Train TopCUP Model to Extract Protein Particles in CryoET Dataset
Estimated time to complete: 20 minutes
Learning Goals
- Create a copick configuration file for loading cryoET dataset.
- Train TopCUP models and automatically save best checkpoints via its CLI.
Prerequisites
- The TopCUP model requires
python>=3.10. At the time of publication, Colab defaults to Python 3.12 - This model requires a minimum T4 GPU to run.
Introduction
The Top CryoET U-Net Picker (TopCUP) is a 3D U-Net–based ensemble model designed for particle picking in cryo-electron tomography (cryoET) volumes. It uses a segmentation heatmap approach to identify particle locations. TopCUP is fully integrated with copick, a flexible cryoET dataset API developed at the Chan Zuckerberg Imaging Institute (CZII). This integration makes it easy to apply the model directly to any cryoET dataset in copick format.
For this tutorial, we will use seven tomograms from the Experimental Training Dataset (Dataset ID: DS-10440), which is the same dataset used in the Kaggle CryoET Challenge. Now that this dataset is publicly available on the CZ CryoET Data Portal, we can stream it directly using the copick configuration file provided below. We can automatically generate a copick configuration file from copick API, and add metadata for each particles for training TopCUP models.
Setup
A copick configuration file is required as input.

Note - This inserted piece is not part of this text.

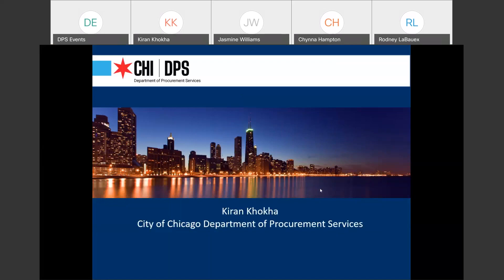Good afternoon, everyone. Thank you for joining us. My name is Karen Koka. I'm an attorney with the Department of Procurement Services, and I'm here to talk to you today about workforce development incentive programs. The city has a number of incentive programs, not all of them have to do with workforce development, but I'm going to focus on the ones that touch on this topic today.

The copick configuration file must define pickable objects (i.e., the protein complexes you want to detect) and three key metadata parameters for each object:
score_weight: weight for each class in the DenseCrossEntropy lossscore_threshold: threshold to filter final picks per class, reducing false positivesscore_weight: weight for each class in the F-beta score evaluation
You can find additional instructions and template configurations for accessing datasets across different platforms from the official copick page.
An example of a copick file is linked here at the model Github.
Installation
First, download the repository, which will also install required packages.
!pip install git+https://github.com/czimaginginstitute/czii_cryoet_mlchallenge_winning_models.gitCopick Configuration File
The code below adds metadata for the particles and streams in our copick file.
import os, copick
metadata = {
"ferritin-complex": {
"score_weight": 1,
"score_threshold": 0.16,
"class_loss_weight": 256
},
"thyroglobulin": {
"score_weight": 2,
"score_threshold": 0.18,
"class_loss_weight": 256
},
"beta-galactosidase": {
"score_weight": 2,
"score_threshold": 0.13,
"class_loss_weight": 256
},
"beta-amylase": {
"score_weight": 0,
"score_threshold": 0.25,
"class_loss_weight": 256
},
"cytosolic-ribosome": {
"score_weight": 1,
"score_threshold": 0.19,
"class_loss_weight": 256
},
"virus-like-capsid": {
"score_weight": 1,
"score_threshold": 0.5,
"class_loss_weight": 256
}
}
copick_config_path = os.path.abspath('./training_copick_config_portal.json')
overlay_path = os.path.abspath('./tmp_overlay')
copick_root = copick.from_czcdp_datasets(
[10440], #dataset_ids
overlay_path,
{'auto_mkdir': True}, #overlay_root, self-defined
output_path = copick_config_path,
)
# only consider the 6 particles
config_pickable_objects = []
for p in copick_root.config.pickable_objects:
if p.name in metadata:
p.metadata = metadata[p.name]
config_pickable_objects.append(p)
copick_root.config.pickable_objects = config_pickable_objects
# save the copick config for later use
copick_root.save_config(copick_config_path)Additional Copick Command Options
You can explore dataset-specific options such as run_names, pixelsize, tomo_type, and annotator user_id using the copick API.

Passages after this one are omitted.